(Beginning of Data in this exercise)
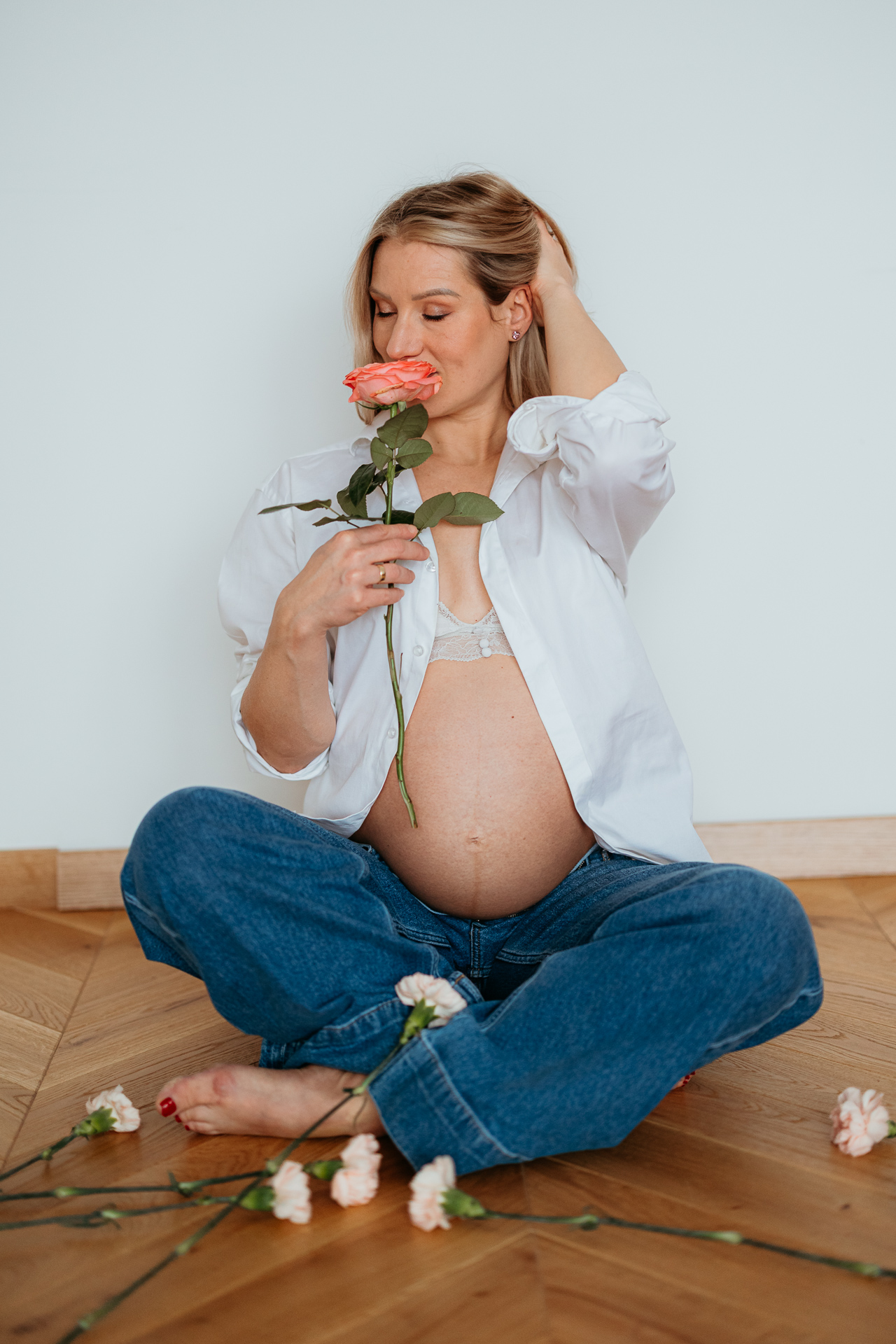 Uśmiechnięta kobieta z odsłoniętym brzuszkiem ciążowym siedzi na podłodze i trzyma różę przy buzi w domu w Krakowie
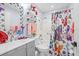 Bathroom with gray vanity, tiled shower, and colorful accents at 25068 Harborview Rd # 1B, Punta Gorda, FL 33980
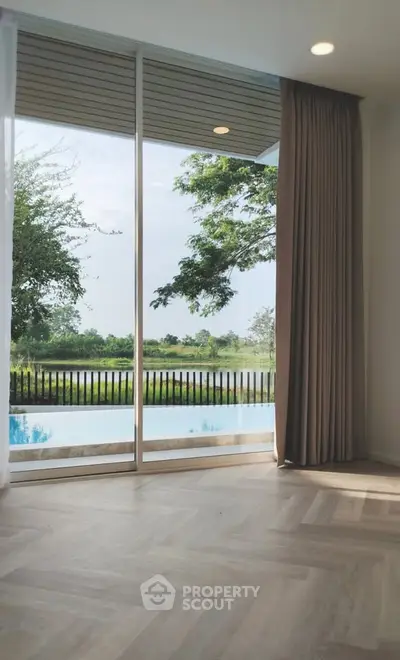 Luxurious living room with floor-to-ceiling windows offering stunning pool and garden views.
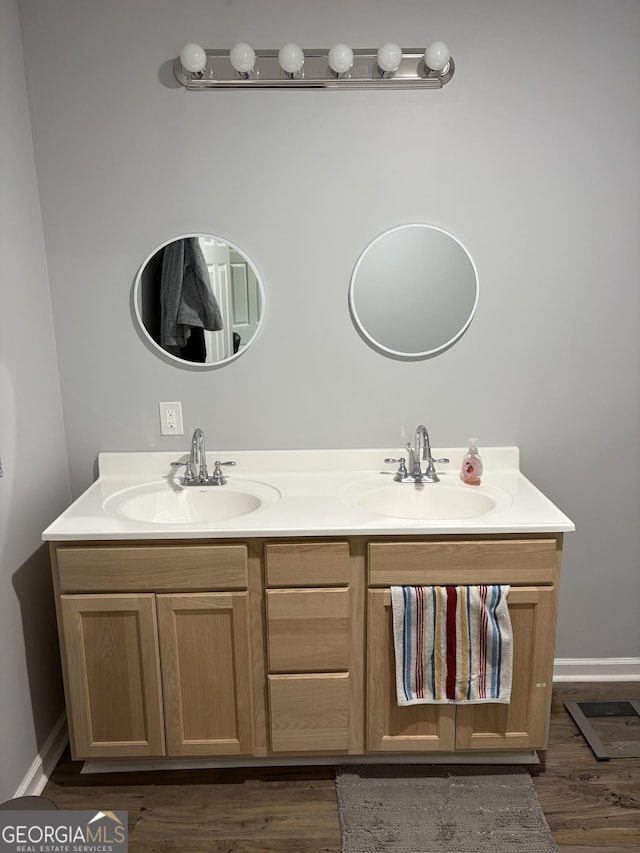 full bathroom with double vanity, baseboards, and a sink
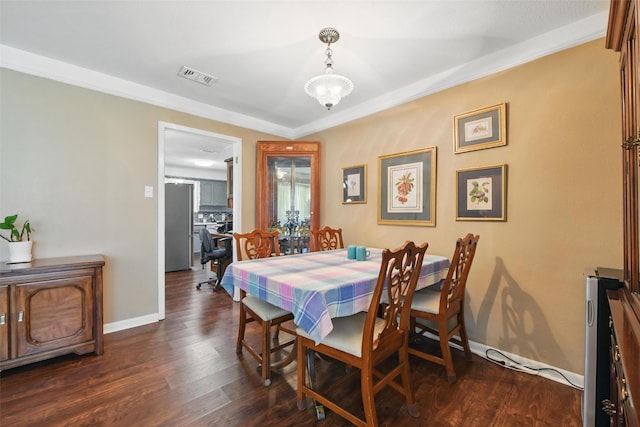 3433 Lawndale Ave, Fort Worth, TX 76133 - dining area with visible vents, dark wood-type flooring, and baseboards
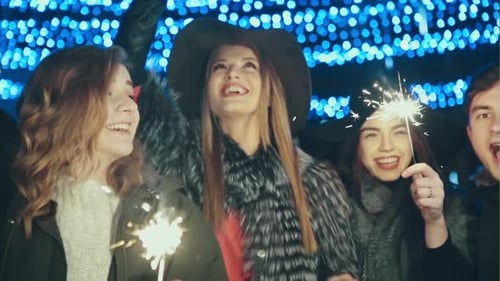 Joyful Friends Celebrate with Sparklers at Night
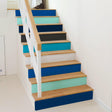 Gradient color self-adhesive stairs risers stickers on a wooden staircase, transforming its appearance with vibrant hues.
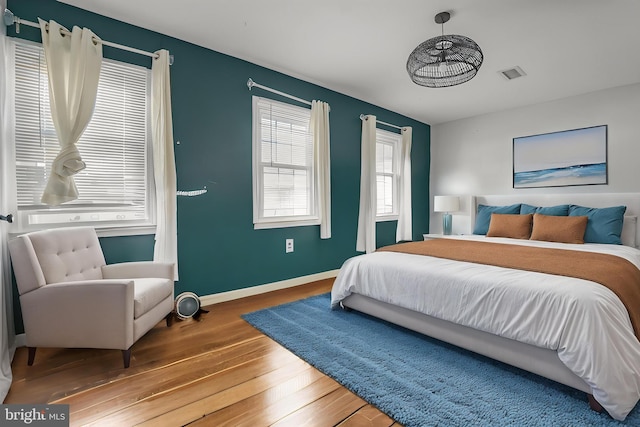 12714 Harborview Ct, Woodbridge, VA 22192 - bedroom with baseboards, visible vents, and hardwood / wood-style floors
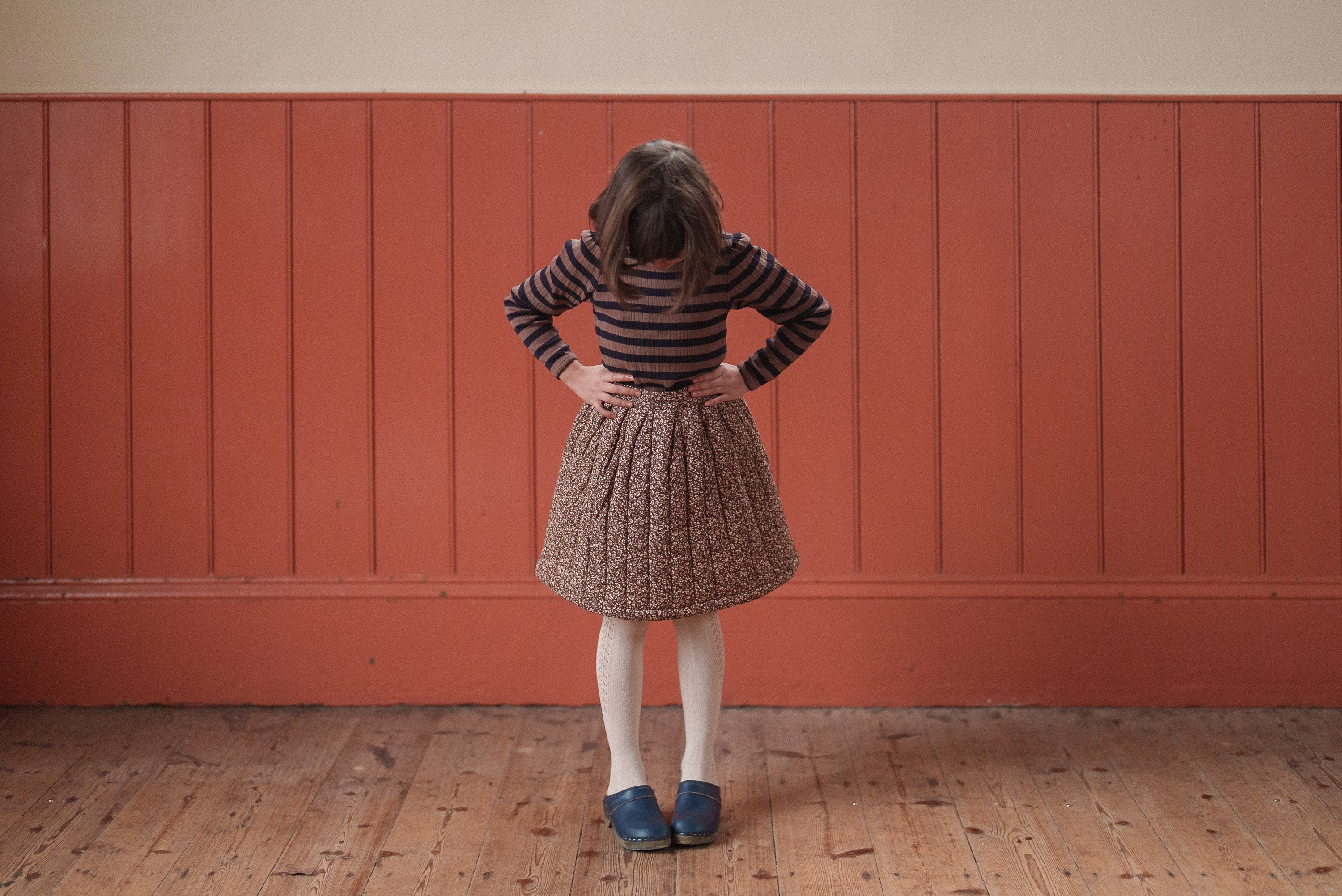 Child wearing navy and beige striped slim fit organic cotton t-shirt with vintage style skirt and navy shoes, standing on wooden floor against red paneled wall.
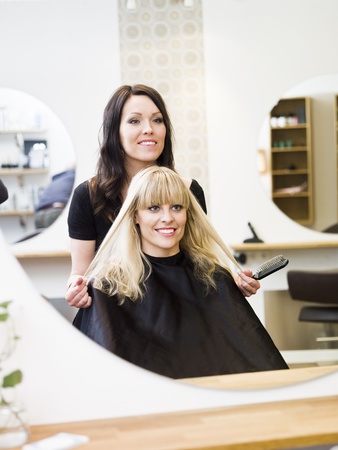 Hairdresser in action with blond customer close upの写真素材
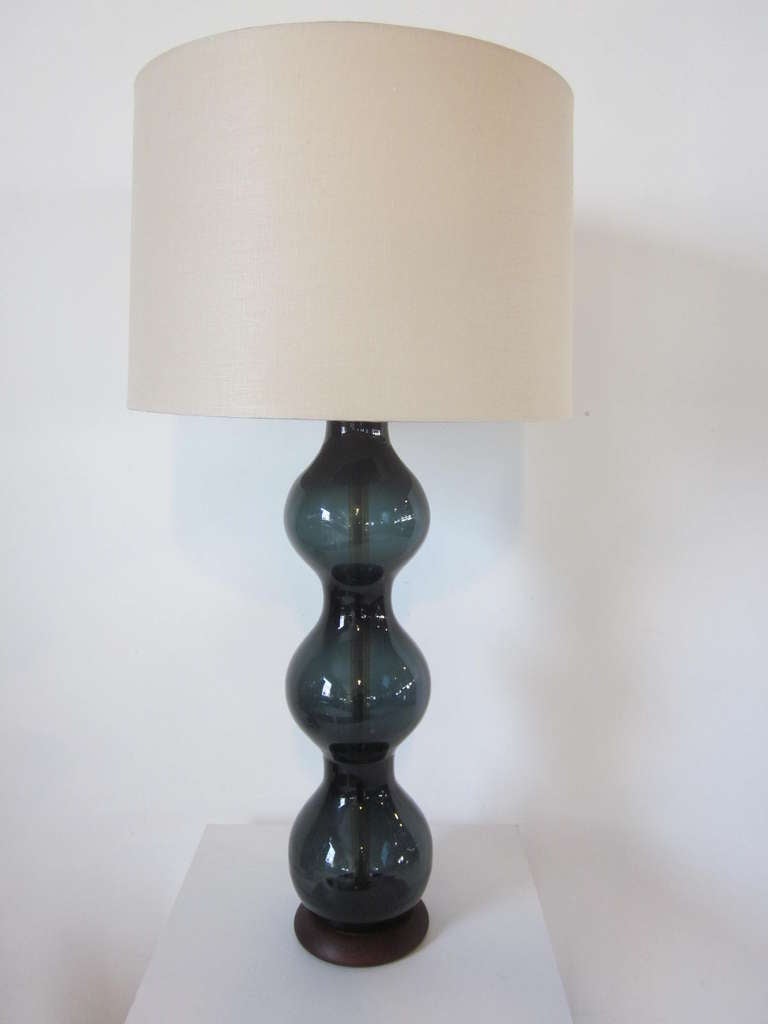 A artist blown Blenko glass table lamp in a steel blue tone sitting on a walnut wood base and topped by a linen shade.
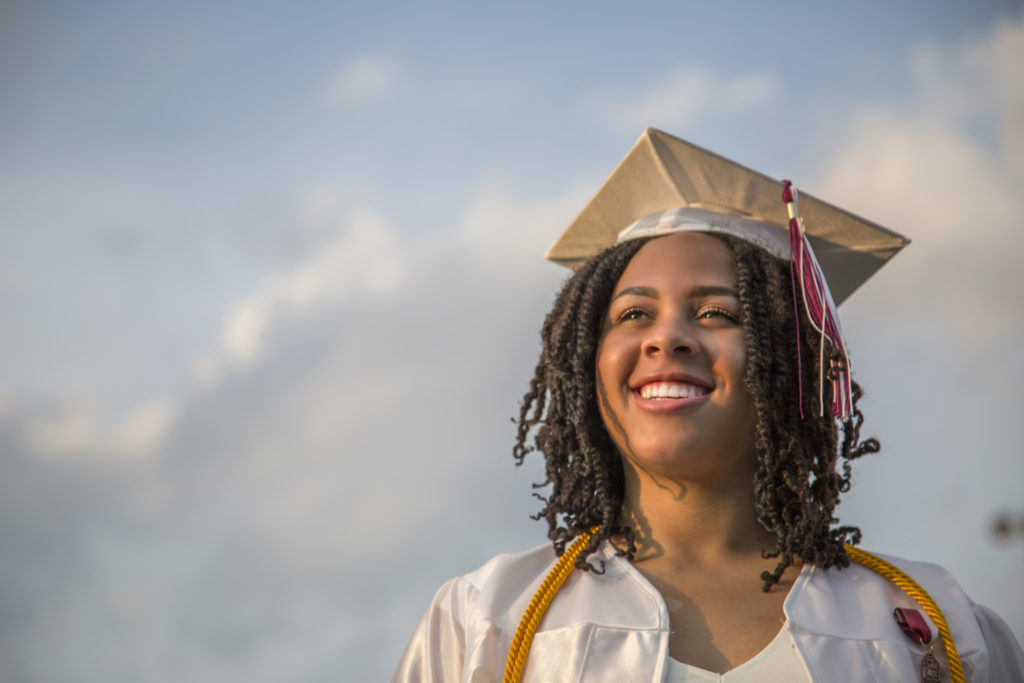 Portrait of happy teenage girl at graduation ceremony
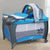 Alloy Portable Simplistic Portable Crib features a blue design with a canopy and rolling wheels for easy movement.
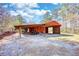 Exterior angle of shed showing open bay for parking and additional storage at 5190 Paul Sw Cir, Conyers, GA 30094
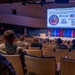 A military briefing or training event is taking place in a modern auditorium, with an audience composed primarily of uniformed military personnel and some civilians. A presenter stands at a podium on stage in front of a large projection screen displaying a slide titled 'Military &amp; Family Readiness Specialists' featuring the New York National Guard Family Programs logo and partner organization logos. The seating is partially filled with attendees spread across the tiered auditorium seating.
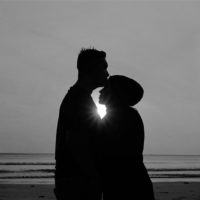 silhouette of a man and woman standing on the beach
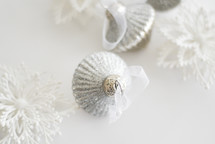 white and silver Christmas ornaments 
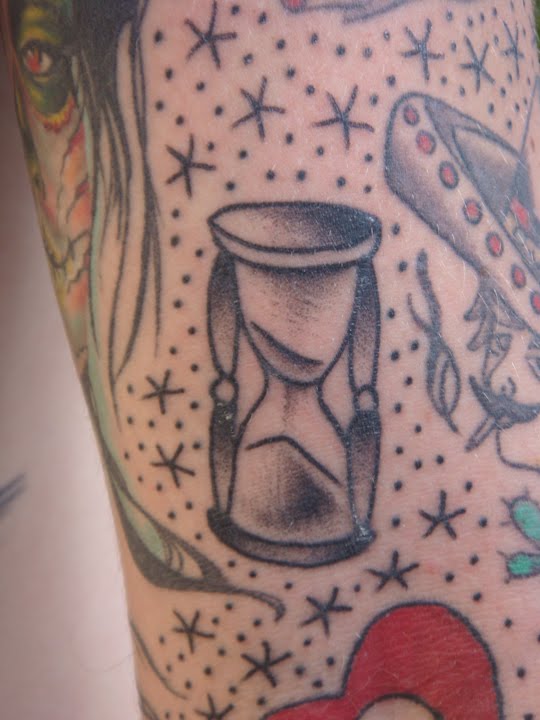 Hourglass and Star Tattoo Design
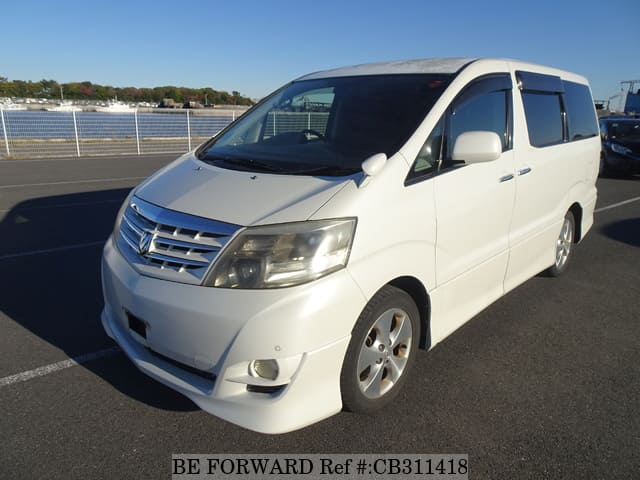 A grey JDM sports car speeding down a highway at night.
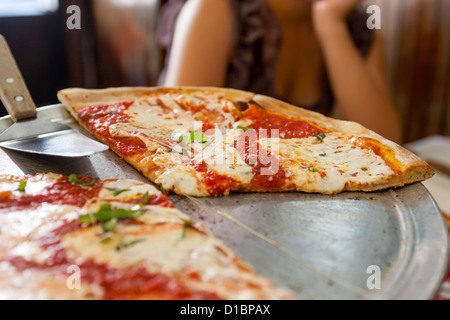 A young woman, girl teenager, eats pizza in a restaurant. Stock Photo
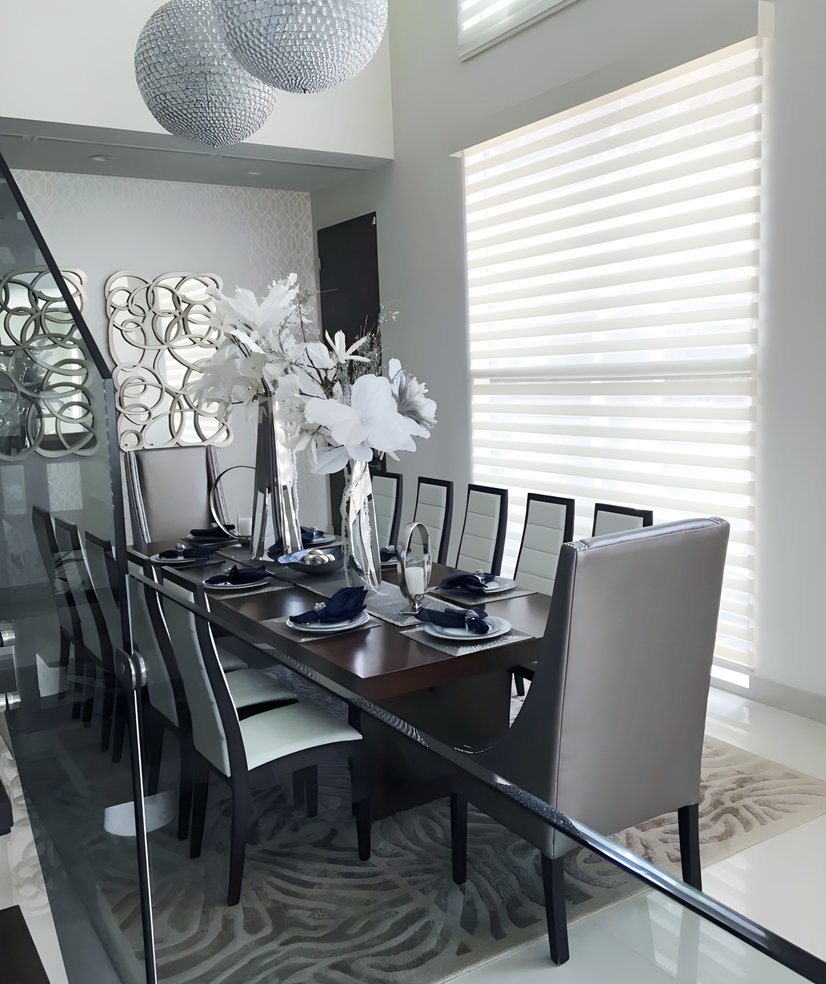 dual sheer shades in a modern dining room with crystal chandeliers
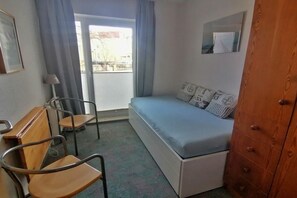 Un dormitori amb un llit, escriptori, dues cadires, una commode i una finestra amb cortines.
(End of Data in this exercise)
● **Work task**: Could you repeat the listing above exactly, omitting its pictures?

● **Exercise solution**:
 Uśmiechnięta kobieta z odsłoniętym brzuszkiem ciążowym siedzi na podłodze i trzyma różę przy buzi w domu w Krakowie
 Bathroom with gray vanity, tiled shower, and colorful accents at 25068 Harborview Rd # 1B, Punta Gorda, FL 33980
 Luxurious living room with floor-to-ceiling windows offering stunning pool and garden views.
 full bathroom with double vanity, baseboards, and a sink
 3433 Lawndale Ave, Fort Worth, TX 76133 - dining area with visible vents, dark wood-type flooring, and baseboards
 Joyful Friends Celebrate with Sparklers at Night
 Gradient color self-adhesive stairs risers stickers on a wooden staircase, transforming its appearance with vibrant hues.
 12714 Harborview Ct, Woodbridge, VA 22192 - bedroom with baseboards, visible vents, and hardwood / wood-style floors
 Child wearing navy and beige striped slim fit organic cotton t-shirt with vintage style skirt and navy shoes, standing on wooden floor against red paneled wall.
 Hairdresser in action with blond customer close upの写真素材
 A artist blown Blenko glass table lamp in a steel blue tone sitting on a walnut wood base and topped by a linen shade.
 Portrait of happy teenage girl at graduation ceremony
 Alloy Portable Simplistic Portable Crib features a blue design with a canopy and rolling wheels for easy movement.
 Exterior angle of shed showing open bay for parking and additional storage at 5190 Paul Sw Cir, Conyers, GA 30094
 A military briefing or training event is taking place in a modern auditorium, with an audience composed primarily of uniformed military personnel and some civilians. A presenter stands at a podium on stage in front of a large projection screen displaying a slide titled 'Military &amp; Family Readiness Specialists' featuring the New York National Guard Family Programs logo and partner organization logos. The seating is partially filled with attendees spread across the tiered auditorium seating.
 silhouette of a man and woman standing on the beach
 white and silver Christmas ornaments 
 Hourglass and Star Tattoo Design
 A grey JDM sports car speeding down a highway at night.
 A young woman, girl teenager, eats pizza in a restaurant. Stock Photo
 dual sheer shades in a modern dining room with crystal chandeliers
 Un dormitori amb un llit, escriptori, dues cadires, una commode i una finestra amb cortines.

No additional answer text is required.